-- Opening Marker --
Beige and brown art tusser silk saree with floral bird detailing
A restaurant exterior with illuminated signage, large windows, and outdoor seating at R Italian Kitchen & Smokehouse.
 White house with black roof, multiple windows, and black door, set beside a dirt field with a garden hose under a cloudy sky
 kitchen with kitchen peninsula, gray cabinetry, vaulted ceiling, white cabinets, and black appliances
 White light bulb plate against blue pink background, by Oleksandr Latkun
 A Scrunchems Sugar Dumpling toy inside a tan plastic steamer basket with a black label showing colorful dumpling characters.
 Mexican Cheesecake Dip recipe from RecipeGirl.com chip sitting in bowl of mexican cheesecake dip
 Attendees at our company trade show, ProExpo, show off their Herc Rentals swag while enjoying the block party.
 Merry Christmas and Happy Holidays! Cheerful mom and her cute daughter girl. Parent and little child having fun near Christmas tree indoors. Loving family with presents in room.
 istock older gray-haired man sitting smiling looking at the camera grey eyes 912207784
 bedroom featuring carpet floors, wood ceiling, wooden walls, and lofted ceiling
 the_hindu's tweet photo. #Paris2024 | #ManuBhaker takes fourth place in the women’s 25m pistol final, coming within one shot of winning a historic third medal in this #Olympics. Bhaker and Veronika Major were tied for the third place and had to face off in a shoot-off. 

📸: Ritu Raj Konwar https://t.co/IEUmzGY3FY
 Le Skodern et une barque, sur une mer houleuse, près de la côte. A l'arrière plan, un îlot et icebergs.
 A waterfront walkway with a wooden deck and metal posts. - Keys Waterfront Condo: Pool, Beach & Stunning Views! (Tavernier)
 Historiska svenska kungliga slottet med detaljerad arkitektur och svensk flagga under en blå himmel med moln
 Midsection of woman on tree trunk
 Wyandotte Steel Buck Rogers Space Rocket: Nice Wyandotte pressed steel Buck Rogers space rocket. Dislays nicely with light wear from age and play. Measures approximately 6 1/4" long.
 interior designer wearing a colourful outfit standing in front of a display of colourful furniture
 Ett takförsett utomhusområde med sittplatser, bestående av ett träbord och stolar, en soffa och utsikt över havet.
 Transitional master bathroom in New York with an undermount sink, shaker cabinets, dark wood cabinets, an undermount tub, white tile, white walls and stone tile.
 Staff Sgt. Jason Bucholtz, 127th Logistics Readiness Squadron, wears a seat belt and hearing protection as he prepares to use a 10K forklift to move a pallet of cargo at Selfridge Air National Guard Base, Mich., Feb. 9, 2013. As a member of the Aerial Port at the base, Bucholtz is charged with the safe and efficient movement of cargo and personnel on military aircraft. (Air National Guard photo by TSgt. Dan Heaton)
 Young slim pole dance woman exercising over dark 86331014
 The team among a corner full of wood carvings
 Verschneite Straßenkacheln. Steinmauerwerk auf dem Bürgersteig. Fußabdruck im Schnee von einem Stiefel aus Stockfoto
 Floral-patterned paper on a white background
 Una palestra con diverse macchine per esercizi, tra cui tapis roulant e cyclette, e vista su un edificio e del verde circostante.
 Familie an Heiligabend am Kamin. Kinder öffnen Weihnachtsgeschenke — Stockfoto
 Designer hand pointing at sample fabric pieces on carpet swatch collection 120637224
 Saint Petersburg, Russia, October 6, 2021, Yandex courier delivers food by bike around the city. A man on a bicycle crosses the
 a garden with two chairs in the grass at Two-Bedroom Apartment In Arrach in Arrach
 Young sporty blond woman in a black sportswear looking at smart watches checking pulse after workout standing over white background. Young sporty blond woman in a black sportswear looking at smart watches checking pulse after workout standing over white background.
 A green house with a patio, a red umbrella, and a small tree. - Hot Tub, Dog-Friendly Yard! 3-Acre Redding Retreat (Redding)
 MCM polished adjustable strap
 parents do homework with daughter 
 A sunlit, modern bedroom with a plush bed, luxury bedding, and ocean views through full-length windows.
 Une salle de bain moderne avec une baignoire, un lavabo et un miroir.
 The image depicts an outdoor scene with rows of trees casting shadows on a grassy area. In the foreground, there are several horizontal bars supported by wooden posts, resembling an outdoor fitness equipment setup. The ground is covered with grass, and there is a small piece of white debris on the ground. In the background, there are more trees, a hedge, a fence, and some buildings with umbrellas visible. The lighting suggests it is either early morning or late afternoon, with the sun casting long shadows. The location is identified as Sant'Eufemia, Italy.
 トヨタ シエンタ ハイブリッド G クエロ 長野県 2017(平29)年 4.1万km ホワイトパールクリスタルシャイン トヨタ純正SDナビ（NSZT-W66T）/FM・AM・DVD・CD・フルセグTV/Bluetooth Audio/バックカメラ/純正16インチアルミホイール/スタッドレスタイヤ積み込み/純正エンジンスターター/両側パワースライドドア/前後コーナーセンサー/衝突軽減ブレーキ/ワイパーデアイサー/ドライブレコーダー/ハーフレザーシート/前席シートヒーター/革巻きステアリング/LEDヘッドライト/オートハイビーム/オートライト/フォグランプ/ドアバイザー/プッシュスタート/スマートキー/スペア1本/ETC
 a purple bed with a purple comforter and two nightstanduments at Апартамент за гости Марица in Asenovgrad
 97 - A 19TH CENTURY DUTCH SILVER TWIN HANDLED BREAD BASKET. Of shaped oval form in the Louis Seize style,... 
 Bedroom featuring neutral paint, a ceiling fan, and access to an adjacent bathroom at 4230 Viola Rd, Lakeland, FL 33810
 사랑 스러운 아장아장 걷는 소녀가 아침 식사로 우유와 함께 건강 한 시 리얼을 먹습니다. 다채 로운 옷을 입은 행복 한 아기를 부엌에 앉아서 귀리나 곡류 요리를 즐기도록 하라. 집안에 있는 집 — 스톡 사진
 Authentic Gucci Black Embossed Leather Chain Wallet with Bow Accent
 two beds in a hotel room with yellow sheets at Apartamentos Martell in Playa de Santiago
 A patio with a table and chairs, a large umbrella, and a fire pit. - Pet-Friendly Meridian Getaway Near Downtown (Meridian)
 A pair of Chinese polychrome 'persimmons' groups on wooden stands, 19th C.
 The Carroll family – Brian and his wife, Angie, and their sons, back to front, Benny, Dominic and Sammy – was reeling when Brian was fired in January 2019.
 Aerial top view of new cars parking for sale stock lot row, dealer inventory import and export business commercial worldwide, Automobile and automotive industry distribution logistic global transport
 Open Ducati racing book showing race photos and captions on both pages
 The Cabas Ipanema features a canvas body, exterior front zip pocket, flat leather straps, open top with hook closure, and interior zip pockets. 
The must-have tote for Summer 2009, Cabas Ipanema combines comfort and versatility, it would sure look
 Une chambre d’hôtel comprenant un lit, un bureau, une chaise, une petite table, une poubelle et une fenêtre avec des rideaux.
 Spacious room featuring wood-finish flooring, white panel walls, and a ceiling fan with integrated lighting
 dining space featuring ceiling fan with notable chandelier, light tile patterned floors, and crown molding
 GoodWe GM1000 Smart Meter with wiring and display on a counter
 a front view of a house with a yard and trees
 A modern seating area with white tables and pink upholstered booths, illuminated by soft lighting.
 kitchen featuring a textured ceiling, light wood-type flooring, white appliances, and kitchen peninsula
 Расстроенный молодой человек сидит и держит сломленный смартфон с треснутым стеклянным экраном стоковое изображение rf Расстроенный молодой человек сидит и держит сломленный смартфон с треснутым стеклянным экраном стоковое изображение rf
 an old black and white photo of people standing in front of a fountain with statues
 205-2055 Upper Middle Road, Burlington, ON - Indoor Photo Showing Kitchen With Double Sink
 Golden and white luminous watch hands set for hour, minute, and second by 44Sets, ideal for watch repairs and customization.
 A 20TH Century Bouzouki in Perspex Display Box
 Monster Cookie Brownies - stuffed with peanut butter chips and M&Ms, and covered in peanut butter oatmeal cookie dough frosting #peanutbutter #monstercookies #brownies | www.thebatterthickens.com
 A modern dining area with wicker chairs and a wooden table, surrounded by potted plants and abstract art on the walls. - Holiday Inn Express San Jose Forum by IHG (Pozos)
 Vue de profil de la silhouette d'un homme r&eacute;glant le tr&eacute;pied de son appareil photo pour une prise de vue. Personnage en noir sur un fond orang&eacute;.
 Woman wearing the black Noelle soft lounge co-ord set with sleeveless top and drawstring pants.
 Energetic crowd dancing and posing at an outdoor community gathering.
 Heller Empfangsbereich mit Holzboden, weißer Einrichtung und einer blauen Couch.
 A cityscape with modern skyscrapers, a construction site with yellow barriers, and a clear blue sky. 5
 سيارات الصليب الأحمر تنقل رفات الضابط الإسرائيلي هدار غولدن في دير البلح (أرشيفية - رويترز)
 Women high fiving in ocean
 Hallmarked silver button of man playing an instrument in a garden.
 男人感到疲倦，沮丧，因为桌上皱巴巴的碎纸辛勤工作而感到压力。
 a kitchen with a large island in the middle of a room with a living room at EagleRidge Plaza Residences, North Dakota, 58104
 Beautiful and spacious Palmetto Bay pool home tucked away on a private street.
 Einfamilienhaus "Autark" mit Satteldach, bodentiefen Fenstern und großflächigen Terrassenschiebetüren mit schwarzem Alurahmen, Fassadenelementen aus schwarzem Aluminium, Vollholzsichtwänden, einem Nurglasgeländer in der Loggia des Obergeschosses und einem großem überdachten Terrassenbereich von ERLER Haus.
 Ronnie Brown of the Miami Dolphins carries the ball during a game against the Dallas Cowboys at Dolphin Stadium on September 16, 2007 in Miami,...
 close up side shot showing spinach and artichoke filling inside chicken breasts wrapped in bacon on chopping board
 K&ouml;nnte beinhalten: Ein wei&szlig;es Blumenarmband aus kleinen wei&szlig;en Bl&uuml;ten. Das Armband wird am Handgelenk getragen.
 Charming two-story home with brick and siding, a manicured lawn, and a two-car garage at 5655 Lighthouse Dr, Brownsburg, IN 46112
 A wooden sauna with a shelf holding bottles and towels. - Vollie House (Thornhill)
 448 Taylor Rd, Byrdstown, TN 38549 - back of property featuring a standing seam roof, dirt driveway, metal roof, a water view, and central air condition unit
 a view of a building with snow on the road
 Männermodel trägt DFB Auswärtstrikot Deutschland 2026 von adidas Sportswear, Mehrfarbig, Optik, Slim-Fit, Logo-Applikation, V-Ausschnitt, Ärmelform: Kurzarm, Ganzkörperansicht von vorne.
-- Closing Marker --
__Task statement__
Where a line above holds the string "featuring", copy that line.

__Problem solution__
 bedroom featuring carpet floors, wood ceiling, wooden walls, and lofted ceiling
 Bedroom featuring neutral paint, a ceiling fan, and access to an adjacent bathroom at 4230 Viola Rd, Lakeland, FL 33810
 Spacious room featuring wood-finish flooring, white panel walls, and a ceiling fan with integrated lighting
 dining space featuring ceiling fan with notable chandelier, light tile patterned floors, and crown molding
 kitchen featuring a textured ceiling, light wood-type flooring, white appliances, and kitchen peninsula
 448 Taylor Rd, Byrdstown, TN 38549 - back of property featuring a standing seam roof, dirt driveway, metal roof, a water view, and central air condition unit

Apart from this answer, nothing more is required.